__EXTRACTED INFORMATION__
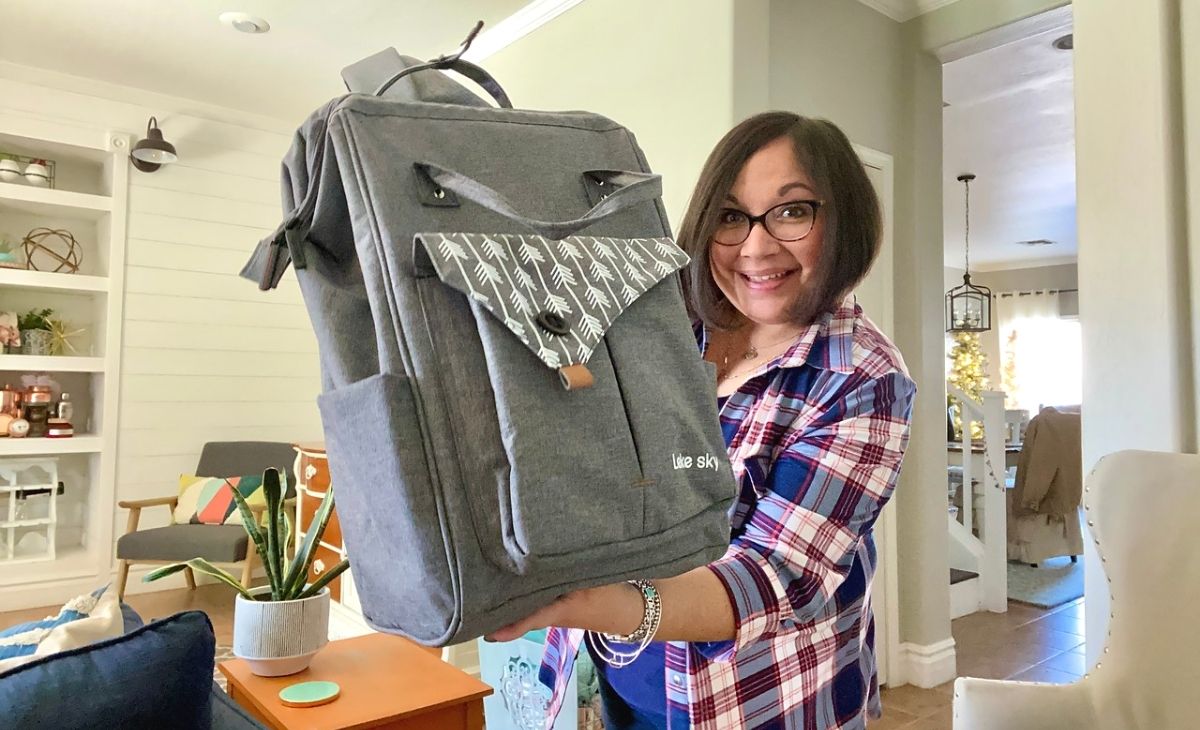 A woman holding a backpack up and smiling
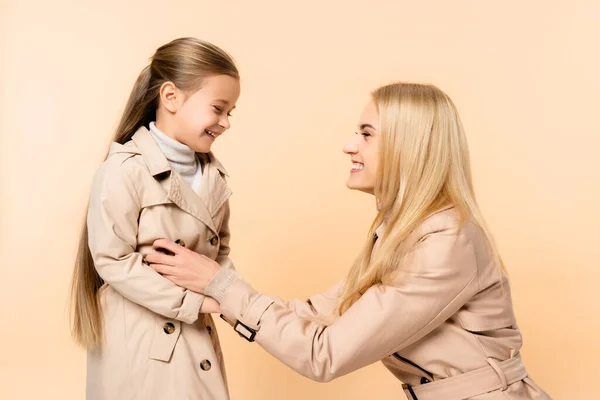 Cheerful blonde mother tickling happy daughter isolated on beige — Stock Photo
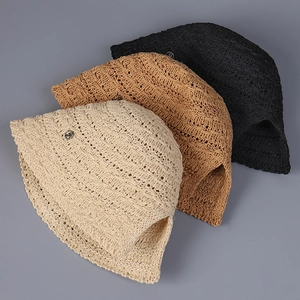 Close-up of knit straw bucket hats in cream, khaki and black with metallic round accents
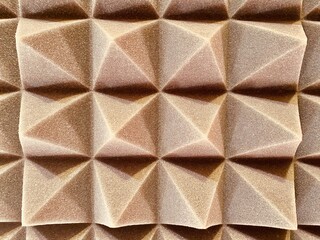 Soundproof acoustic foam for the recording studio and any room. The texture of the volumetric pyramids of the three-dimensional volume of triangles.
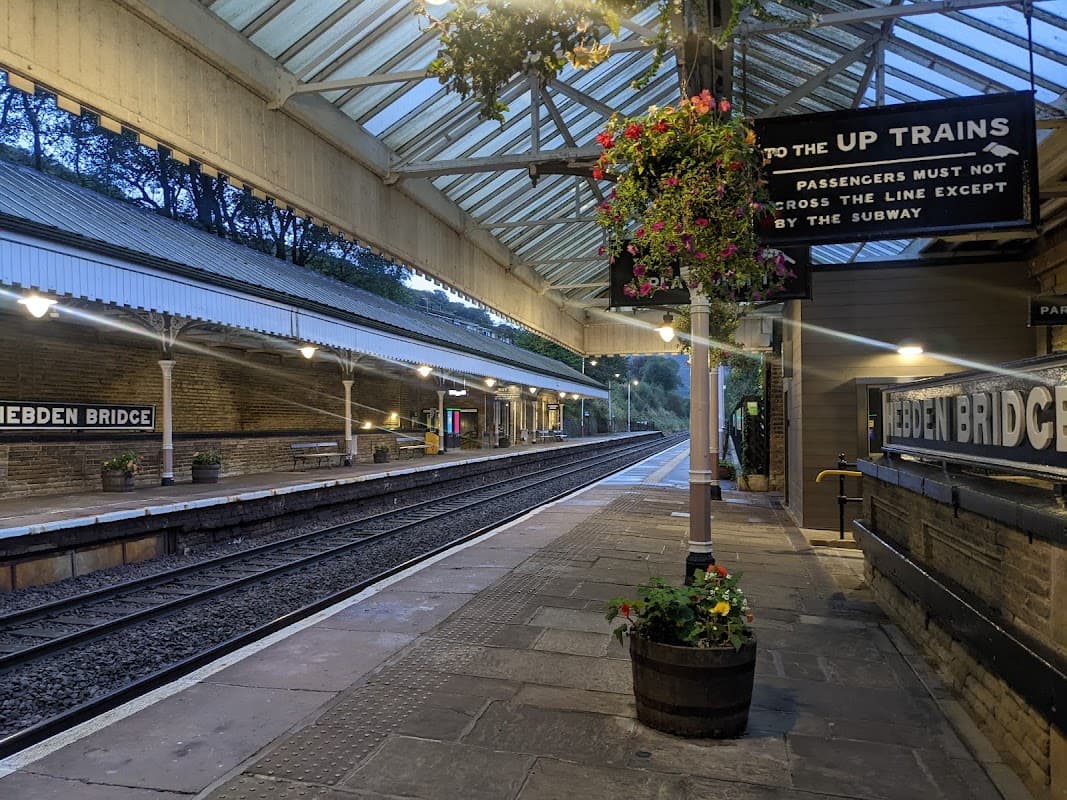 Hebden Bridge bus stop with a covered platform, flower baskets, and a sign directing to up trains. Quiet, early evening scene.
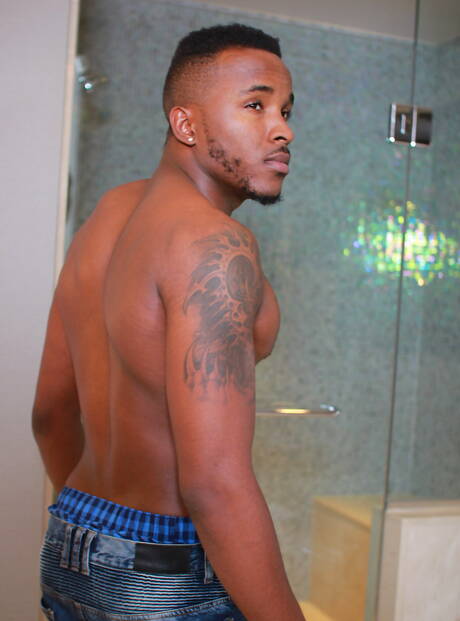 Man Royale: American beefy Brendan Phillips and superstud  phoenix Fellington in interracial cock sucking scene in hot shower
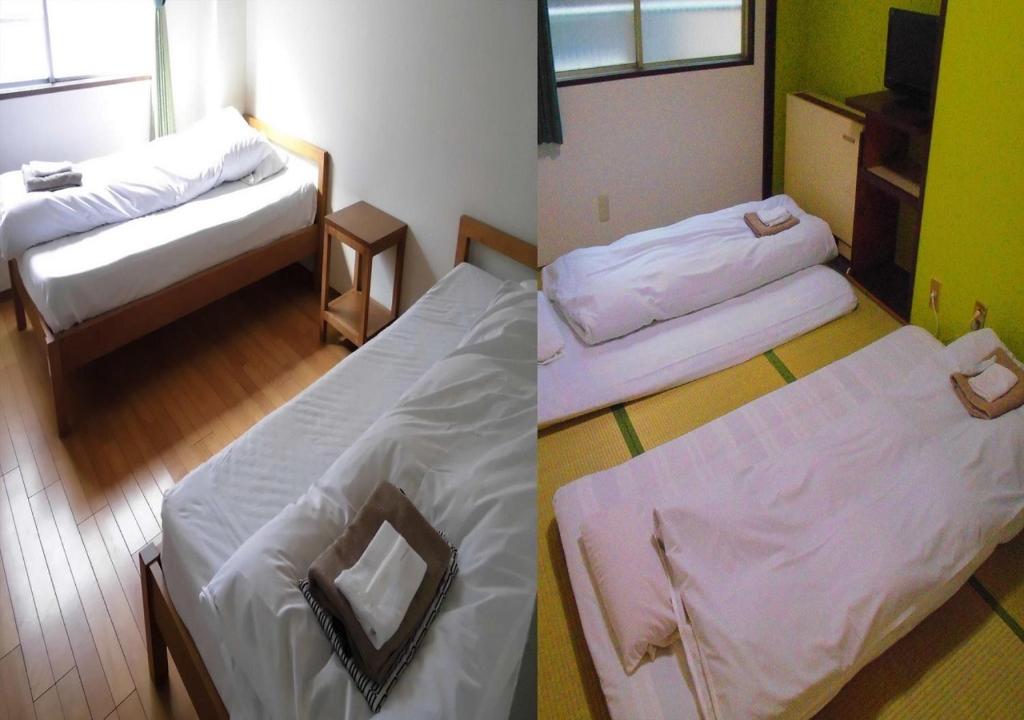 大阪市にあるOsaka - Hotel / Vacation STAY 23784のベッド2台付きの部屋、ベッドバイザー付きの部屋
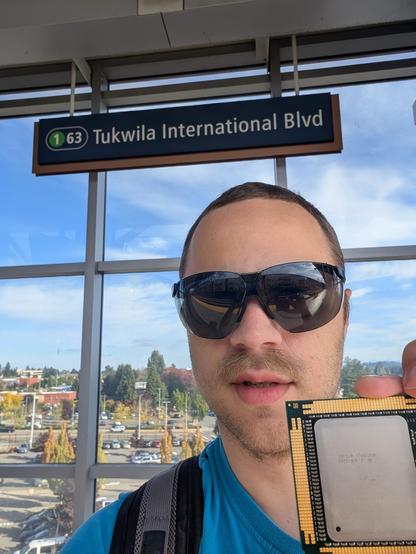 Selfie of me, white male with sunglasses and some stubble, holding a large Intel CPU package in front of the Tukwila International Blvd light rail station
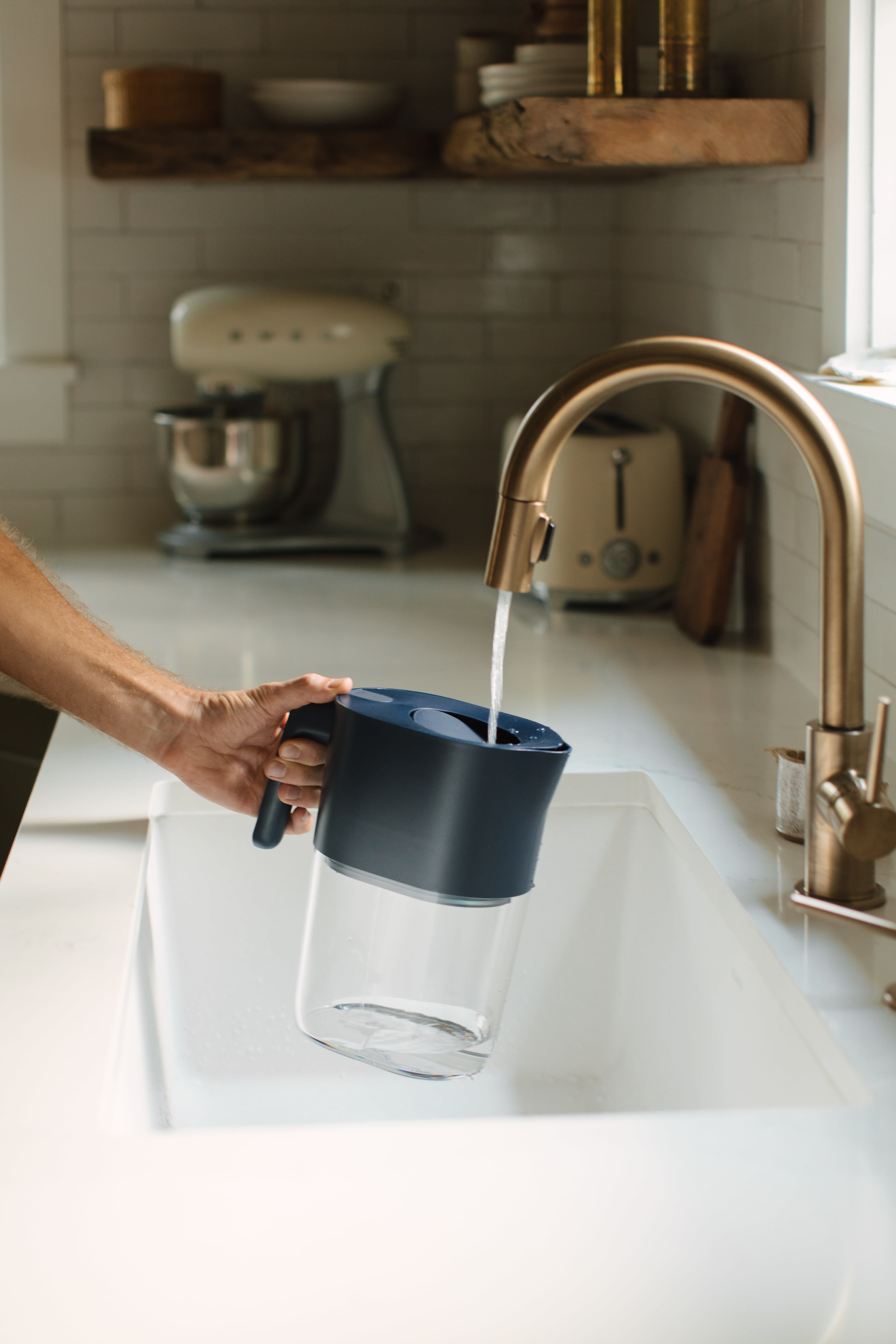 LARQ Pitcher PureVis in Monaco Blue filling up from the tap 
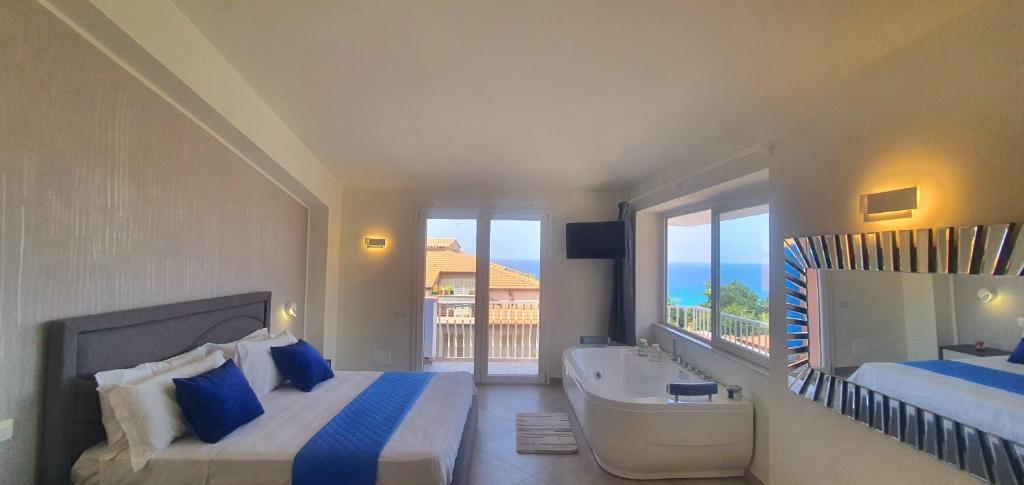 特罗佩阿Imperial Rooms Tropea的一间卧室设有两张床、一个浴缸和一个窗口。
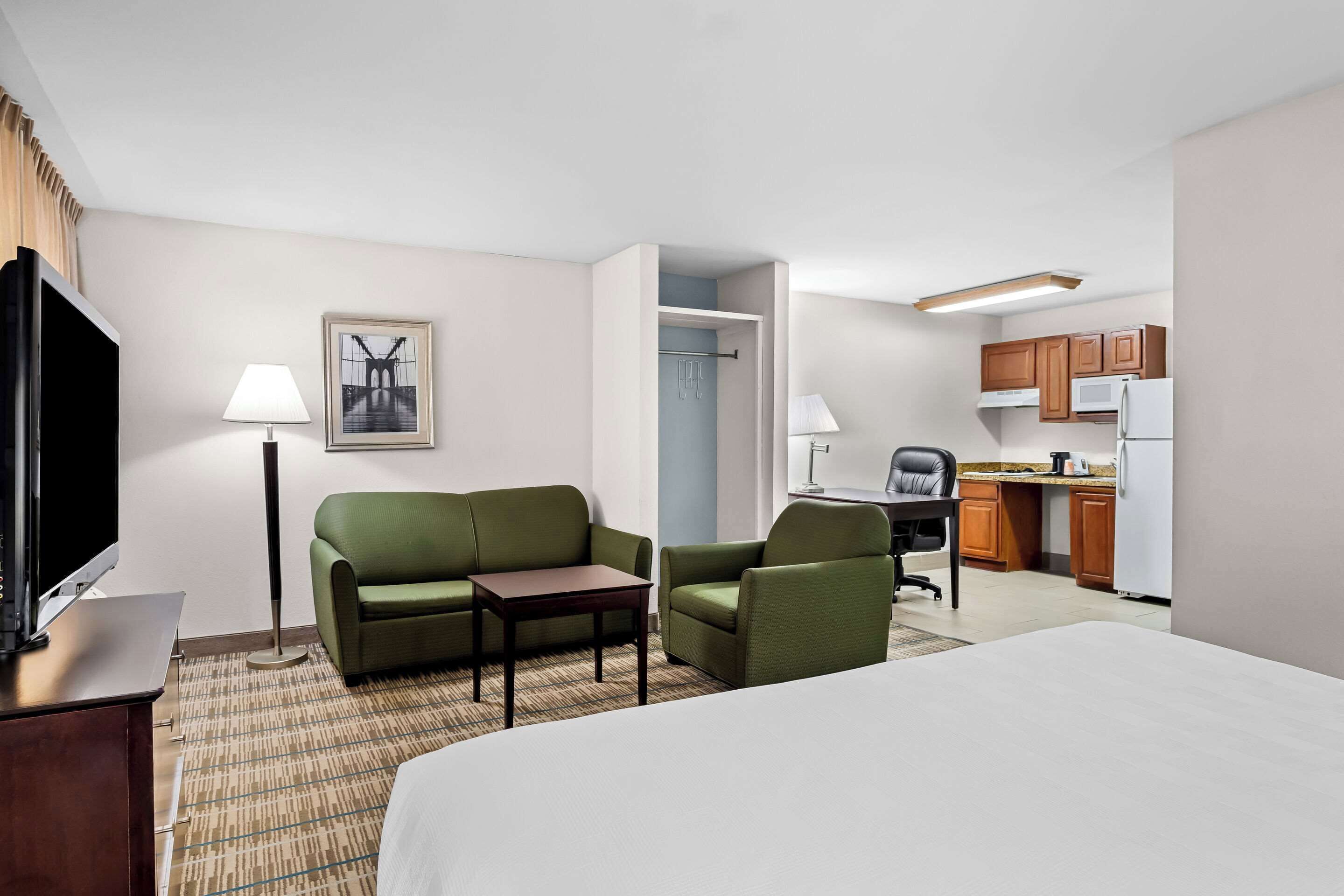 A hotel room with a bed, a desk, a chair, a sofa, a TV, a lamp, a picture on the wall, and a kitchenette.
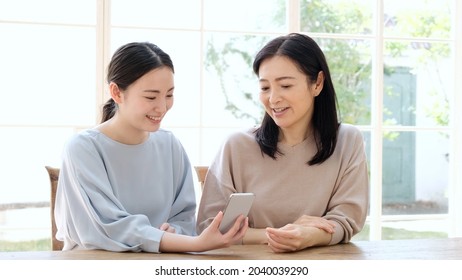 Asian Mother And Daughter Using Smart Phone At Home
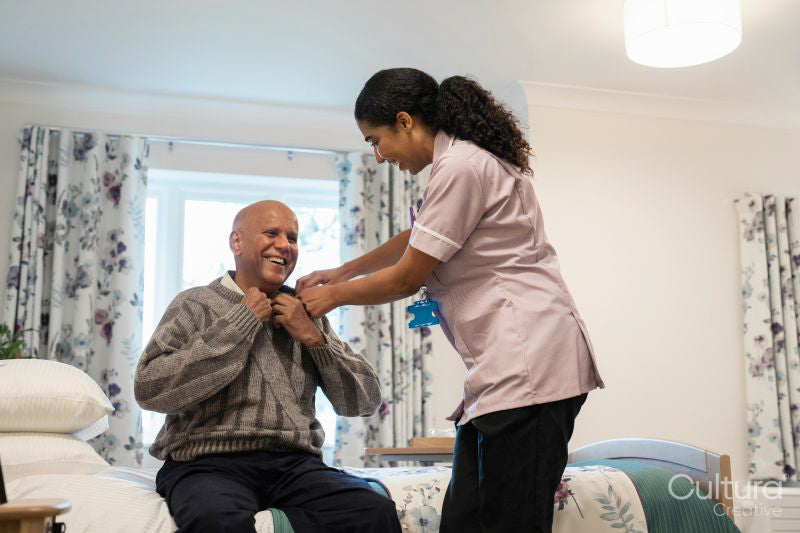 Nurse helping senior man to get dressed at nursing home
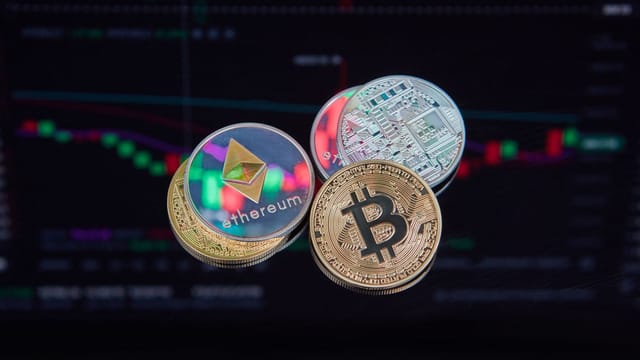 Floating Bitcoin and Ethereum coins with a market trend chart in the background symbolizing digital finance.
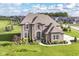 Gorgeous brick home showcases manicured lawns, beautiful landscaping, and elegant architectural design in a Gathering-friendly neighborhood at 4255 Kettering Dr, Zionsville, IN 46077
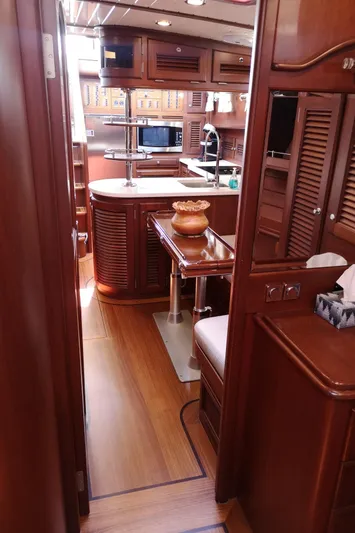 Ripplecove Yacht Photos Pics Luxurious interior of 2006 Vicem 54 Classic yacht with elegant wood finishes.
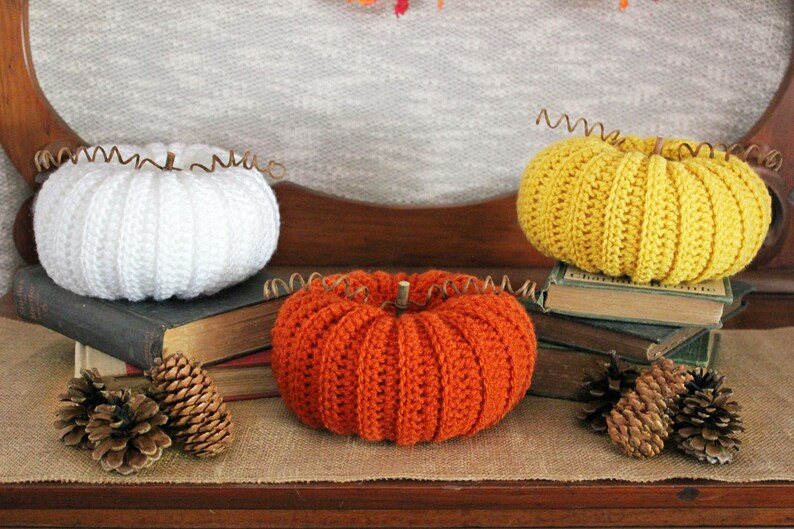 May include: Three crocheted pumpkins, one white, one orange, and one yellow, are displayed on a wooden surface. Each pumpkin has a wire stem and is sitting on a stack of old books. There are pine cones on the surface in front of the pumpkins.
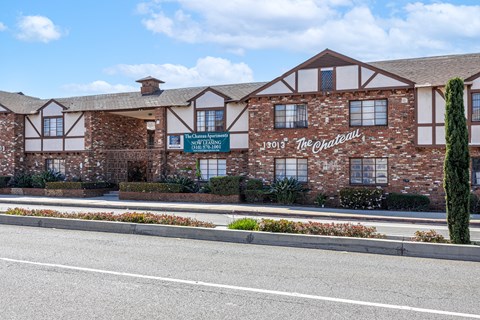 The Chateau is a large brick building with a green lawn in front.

__EXERCISE OBJECTIVE__
Every line of the material above should be repeated exactly, except for the pictures.

__ANSWER FOR THE TASK__
 A woman holding a backpack up and smiling
 Cheerful blonde mother tickling happy daughter isolated on beige — Stock Photo
 Close-up of knit straw bucket hats in cream, khaki and black with metallic round accents
 Soundproof acoustic foam for the recording studio and any room. The texture of the volumetric pyramids of the three-dimensional volume of triangles.
 Hebden Bridge bus stop with a covered platform, flower baskets, and a sign directing to up trains. Quiet, early evening scene.
 Man Royale: American beefy Brendan Phillips and superstud  phoenix Fellington in interracial cock sucking scene in hot shower
 大阪市にあるOsaka - Hotel / Vacation STAY 23784のベッド2台付きの部屋、ベッドバイザー付きの部屋
 Selfie of me, white male with sunglasses and some stubble, holding a large Intel CPU package in front of the Tukwila International Blvd light rail station
 LARQ Pitcher PureVis in Monaco Blue filling up from the tap 
 特罗佩阿Imperial Rooms Tropea的一间卧室设有两张床、一个浴缸和一个窗口。
 A hotel room with a bed, a desk, a chair, a sofa, a TV, a lamp, a picture on the wall, and a kitchenette.
 Asian Mother And Daughter Using Smart Phone At Home
 Nurse helping senior man to get dressed at nursing home
 Floating Bitcoin and Ethereum coins with a market trend chart in the background symbolizing digital finance.
 Gorgeous brick home showcases manicured lawns, beautiful landscaping, and elegant architectural design in a Gathering-friendly neighborhood at 4255 Kettering Dr, Zionsville, IN 46077
 Ripplecove Yacht Photos Pics Luxurious interior of 2006 Vicem 54 Classic yacht with elegant wood finishes.
 May include: Three crocheted pumpkins, one white, one orange, and one yellow, are displayed on a wooden surface. Each pumpkin has a wire stem and is sitting on a stack of old books. There are pine cones on the surface in front of the pumpkins.
 The Chateau is a large brick building with a green lawn in front.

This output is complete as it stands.